A mini-lesson plan template is divided into seven sections: the main topic, materials, connections, direct instruction, guided practice (where you write how you actively engage your students), link (where you connect the lesson or concept to something else), independent work, and sharing.
Describe specifically what the lesson is about as well as what major point or points you will focus on in presenting the lesson. Another term for this is the objective-ensure that you know exactly why you are teaching this lesson. What do you need the students to know after the lesson is completed? After you're perfectly clear on the goal of the lesson, explain it in terms your students will understand.
Gather the materials you will need to teach the concept to the students. Nothing is more disruptive to the flow of a lesson than realizing you don't have all of the materials you will need. Student attention is sure to decline sharply if you have to excuse yourself to gather materials in the middle of a lesson.
Activate prior knowledge. This is where you talk about what you taught in a previous lesson. For example, you might say, "Yesterday we learned about… " and "Today we will learn about… "
Demonstrate your teaching points to the students. For example, you might say: "Let me show you how I… " and "One way I can do that is by… " During the lesson, ensure that you:
- Explain teaching points and give examples
- Model by demonstrating how students will achieve the task you are teaching
- Allow for guided practice, where you walk around the room and help students as they practice the concepts you are teaching
During this phase of the mini-lesson, coach and assess the students. For example, you might start the active engagement portion by saying, "Now you are going to turn to your partner and… " Be sure that you have a short activity planned for this part of the lesson.

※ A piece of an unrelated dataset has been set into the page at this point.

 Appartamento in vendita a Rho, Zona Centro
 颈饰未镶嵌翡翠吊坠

This is where you will review key points and clarify if needed. For example, you might say, "Today I taught you… " and "Every time you read you are going to… "

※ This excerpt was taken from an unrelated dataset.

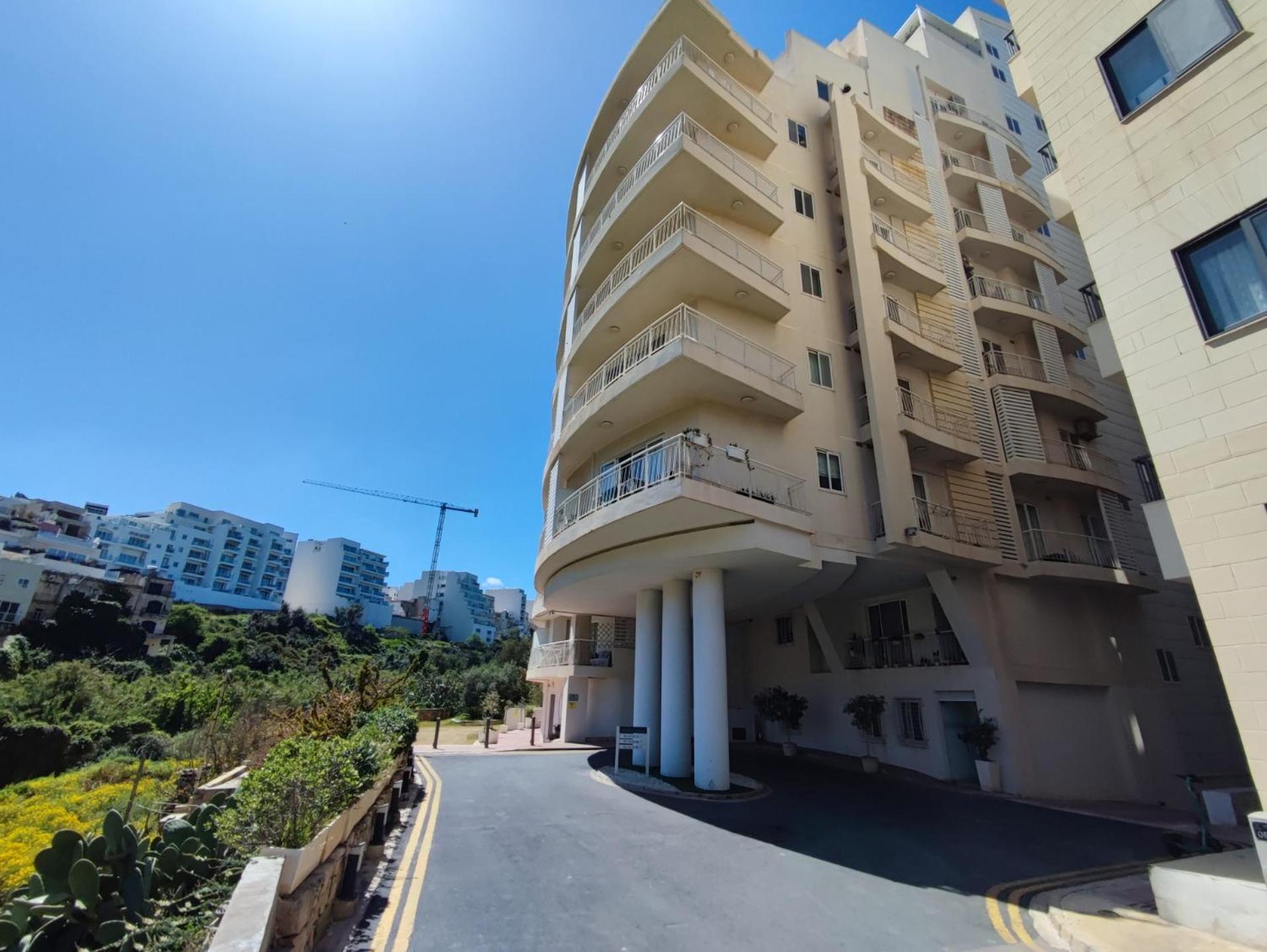 St Julians - Balluta 2 Bedroom Apartment Saint Julian's Exterior photo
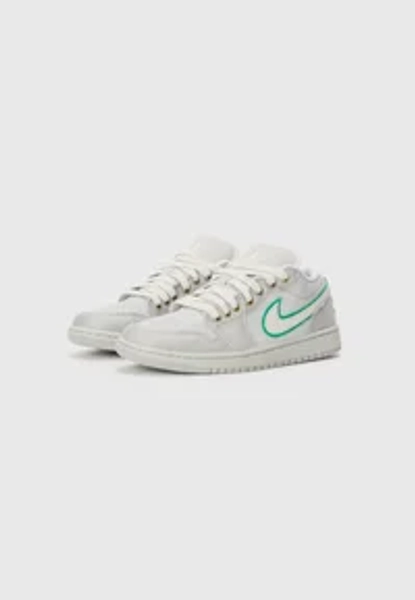 AIR JORDAN 1 LOW SE - Sneakers laag - pure platinum-coloured/smoke grey/stadium green/summit white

Have students practice working independently using the information they just learned from your teaching points.
Come together again as a group and have students share what they learned.
- Students can do this independently, with a partner, or as part of the entire classroom group.
- Ask students: "Did you use what you learned? Did it work? How will you use it next time? What types of things would you do differently?"
- Tie up any loose ends and use this time to further instruct.
You can also tie your mini-lesson into a thematic unit or if the topic warrants further discussion, you can beef up the mini-lesson by creating a full lesson plan.